IIJ社における分散DB技術「ddd」(2)
より高速にするために
MapReduceの基本的な処理の流れは以上の通りですが、ほかにもいくつか高速化のための仕組みがあります。
・combiner
mapタスクの結果は一時ファイルに書き出され、reduce実行ノードに引き渡されますが、ファイルへの書き出しやネットワーク越しの転送はボトルネックになりやすいため、その量は極力少なくした方がパフォーマンスが良くなります。
combinerは、そのような場合に使うもので、map側で実行するreducerと言ます。よって、典型的にはcombiner はreducerのプログラムと同じになります。combinerを使うことでmapとreduceの間で渡されるデータ量を減少させることが期待できます。
combinerで集約されたデータは、再度reducerで集約されることになります。なので、combinerは、そのようなことをしても結果が変わらない場合(例えば合計値を求めるなど)で、かつそうした方が実行時間的に有利になる場合に使うことになります。
・バックアップタスク
多数のノードからなる分散システムでは、さまざまな理由により一部のノードの反応が遅くなってしまうということがあります(参考文献[1]では、ディスクの不調やノードの設定ミスなどが例として挙げられています)。

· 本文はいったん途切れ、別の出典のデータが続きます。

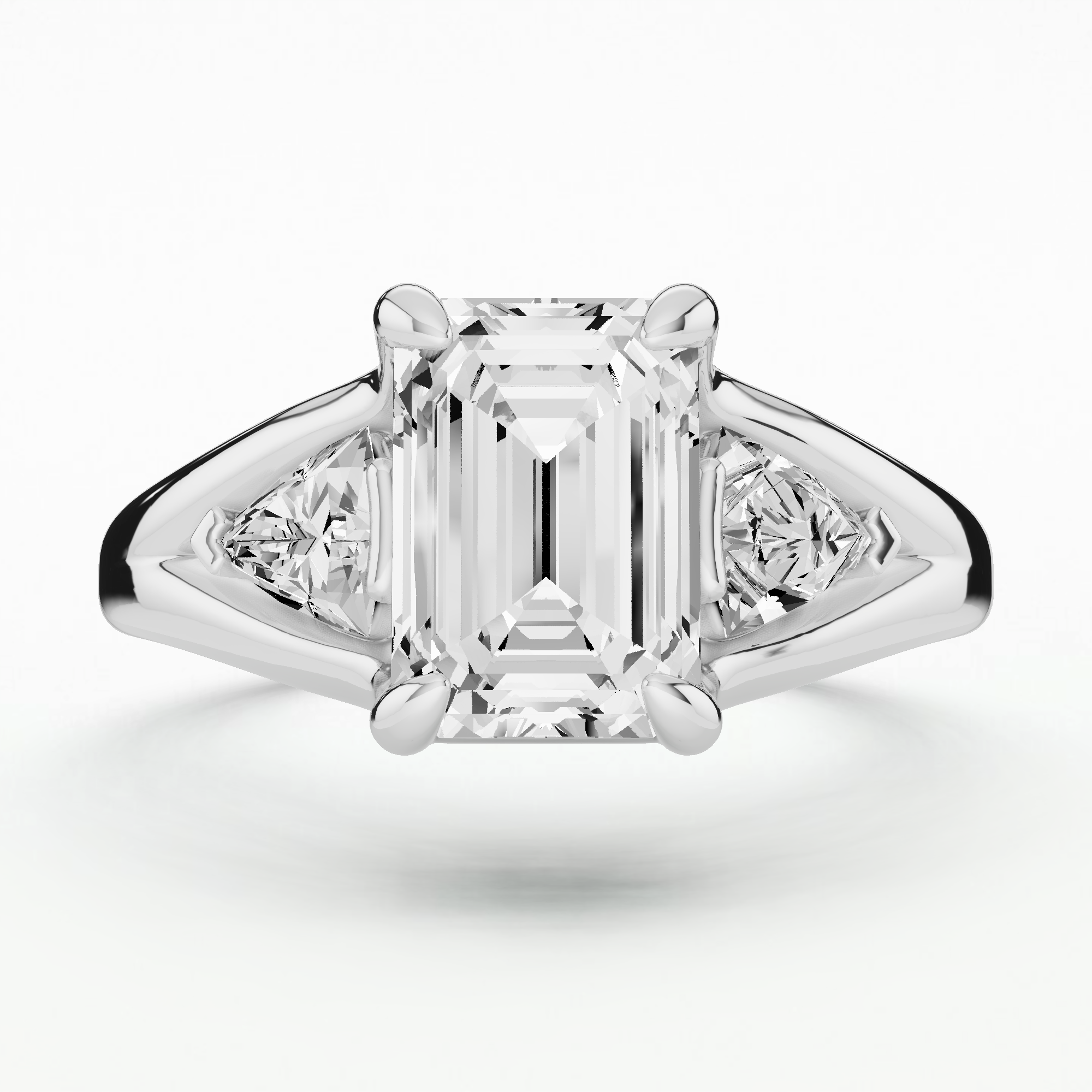 Aurora Solitaire Diamond Ring-Emerald Cut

ノードの一台が極端に遅いと、MapReduceジョブ全体がその遅い一台に引っ張られてしまって全体の処理時間がのびてしまいます。これは望ましいことではありません。
そこで出てくるのがバックアップタスクという考え方です。実行中のタスクを、暇な別のノードにも割り当て、先に処理が終了した方の結果を採用する、というものです。
dddでは、同一のデータが必ず異なる3つのノードに複製されています。同じデータに対して同じタスクを適用すれば同じ結果になりますので、あるタスクを実行できるノードは3つあることになります。
通常、1つのタスクは、どれか1つのノードに割り当てられます。しかし、ジョブ全体の処理がおわりに近づくと暇なノードが出てくるため、その暇なノードにも同じタスクを割り当て、1つのタスクを複数のノードで実行させるのです。
こうすることにより、一部に遅いノードがあっても別のノードで処理できる可能性が増え、全体の処理時間が短縮されることがあります。
なお、dddではmapフェーズでのみバックアップタスクを割り当て、reduceについてはバックアップタスクの割り当てを行いません。
おわりに
連載後半では2回にわたり、IIJで開発したdddという分散システムを例にとって、分散キーバリューストアやMapReduceの仕組みについて説明しました。
クラウドコンピューティングのインフラには、必然的に大量のデータが集まってきます。その大量のデータを扱うために、スケーラビリティに優れた分散システムは、今後有力な選択肢になっていくと思われます。
一方で、分散技術を使ったデータベースは、「トランザクション処理に耐えるほどのデータ一貫性の保証は期待できない」という問題もあります。そのため、従来型のRDBMSも使われ続けることになるでしょう。
いずれにせよ、いろいろな技術を場合に応じてうまく使い分けるためには、その仕組みや特性を知っておいた方が良いことは言うまでもありません。本連載がその一助になれば幸いです。